'Good value' arb raises retention fees again
The Architects Registration Board (arb) is to implement another price hike on its annual retention fee, just over a year since it last asked architects to dig deeper. Following a meeting led by chairwoman Barbara Kelly last week it was agreed that some of the extra cash would be used to supplement refurbishment work costs for the board's offices in Hallam Street, London, and to cover the costs of validation visits to schools of architecture.
The arb intends to lift fees for retention and registration from the current £50 per year fee to £55, a 10 per cent increase, following the 66 per cent rise from £30 to £50 in May last year.
arb chairwoman Barbara Kelly said the fee still represented 'good value' for registered architects. 'Our work is designed to enhance the standing of the profession and to protect the title of registered practitioners. Each year we take a good hard look at the board's financial position and weigh up our commitments against our real desire to keep the fee levels as low as possible.' A spokeswoman added that the Board felt it necessary to push through the new rises so soon because the figure had been 'suppressed' for so long (eight years static) under arcuk. She said that last year arb had intended a 'staggered' increase of the fee but denied that a further increase was already on the cards for next year. 'The bottom line is that it's still not very much money' she said.
The extra funds raised are also likely to go towards increased costs that will be incurred next year, such as the cost of using the Electoral Reform Society for the election of architect board members, an increase in National Insurance contributions and the 'basic' refurbishment of the arb offices. The arb had originally planned to move from its headquarters, but will now refurbish the property early next year after holding a competitive interview competition. De Rijke Marsh Morgan Architects has clinched the job. The project is defended by the arb as 'the minimum required to ensure operational efficiency', and will be part-funded by reserves left over from arcuk.

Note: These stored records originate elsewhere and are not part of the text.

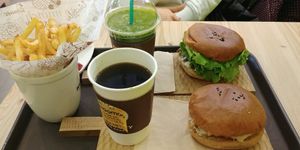 Burgers & fries & coffee & smoothie   at Moomoo Burger & Smoothie in Busan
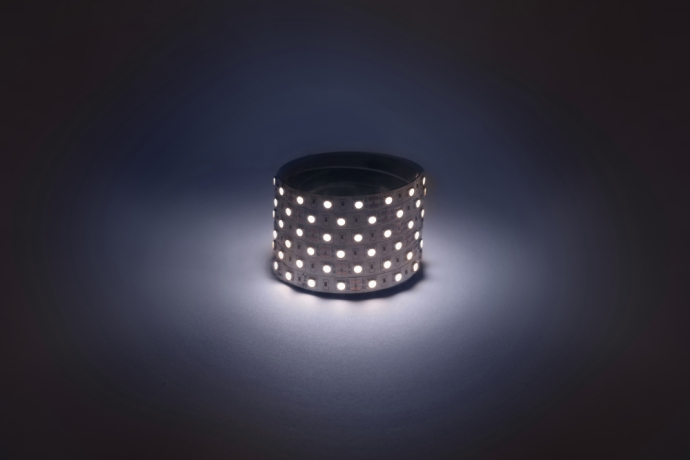 LS5050-14,4-60-12-6500K-IP20-1 year-5m Светодиодная лента ЭРА LS5050 -14,4-60-12-6500K-IP20-1 year-5m холодный белый 5м Б0059910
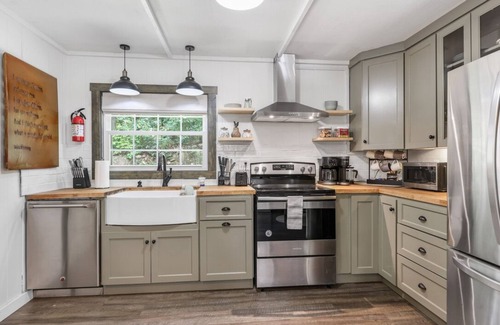 New Market House | Blue Mountain Cottage Retreat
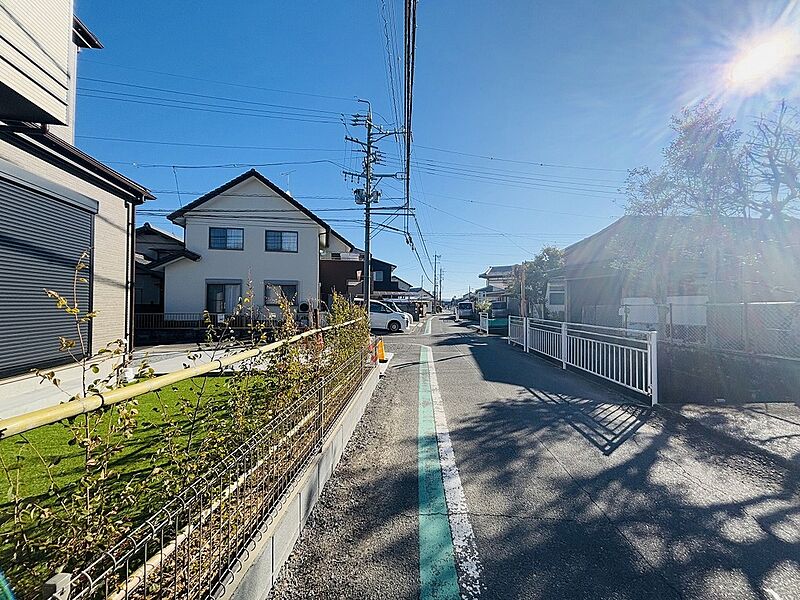 前道路を含む現地外観写真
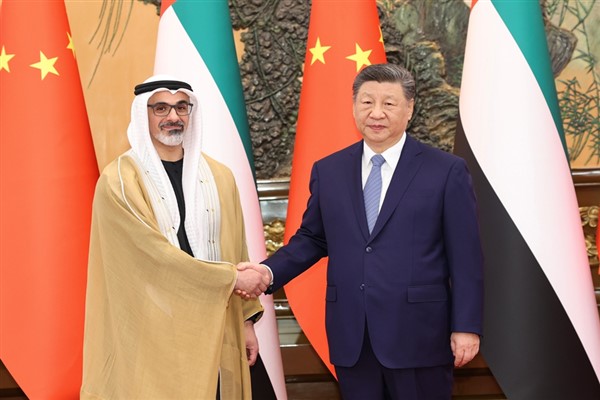 Xi Jinping, BAE Abu Dabi Veliaht Prensi ile görüştü Xi Jinping, BAE Abu Dabi Veliaht Prensi ile görüştü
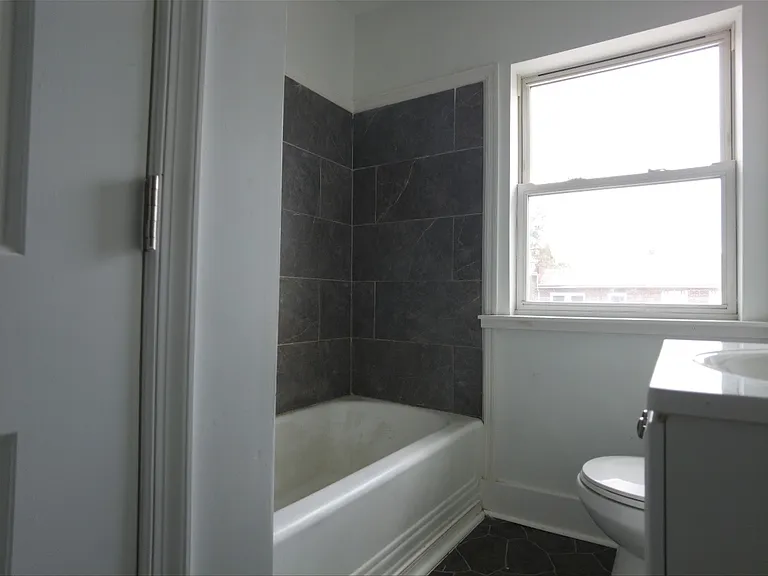 18 S Abington Ave — Photo 7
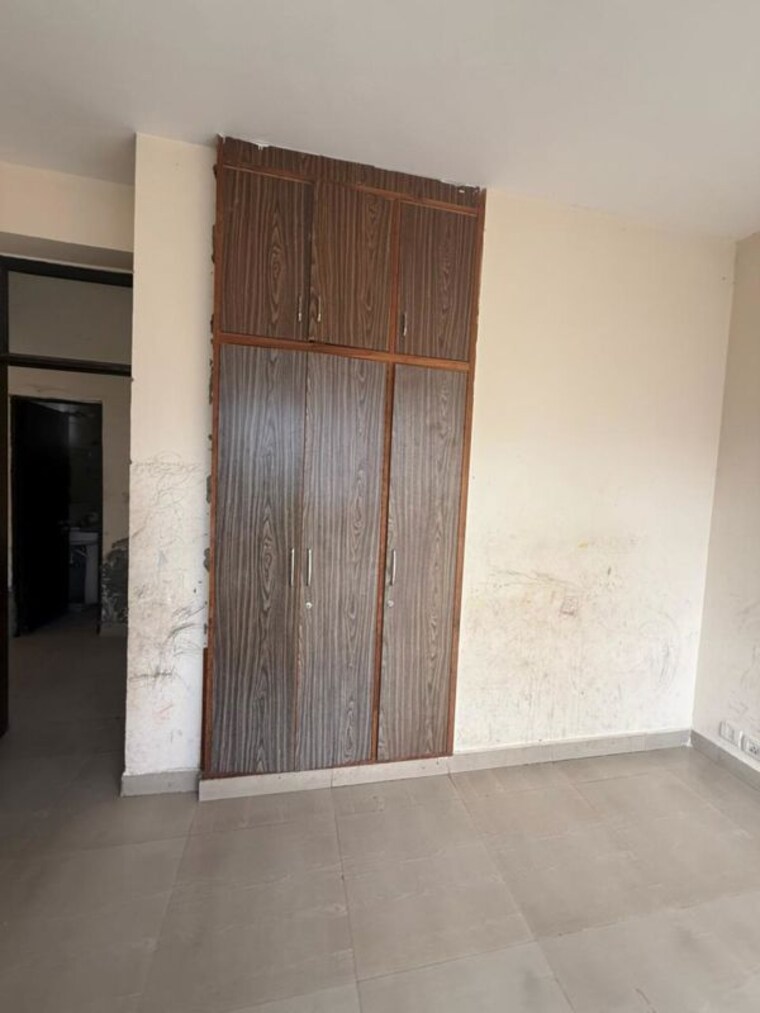 Room, ambala highway 3 Bedroom 1450 Sq.Ft. Apartment In Ambala Highway Zirakpur 10328054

arb has also made a series of decisions on the investigation of complaints. It has imposed a six-year time limit on complaints against architects being accepted for investigation; will now investigate allegations of unacceptable professional conduct where an architect has successfully defended a civil action in the courts; and those subject to complaints will be notified as soon as possible and allowed to reply to allegations. The new targets will come into operation on 1 September.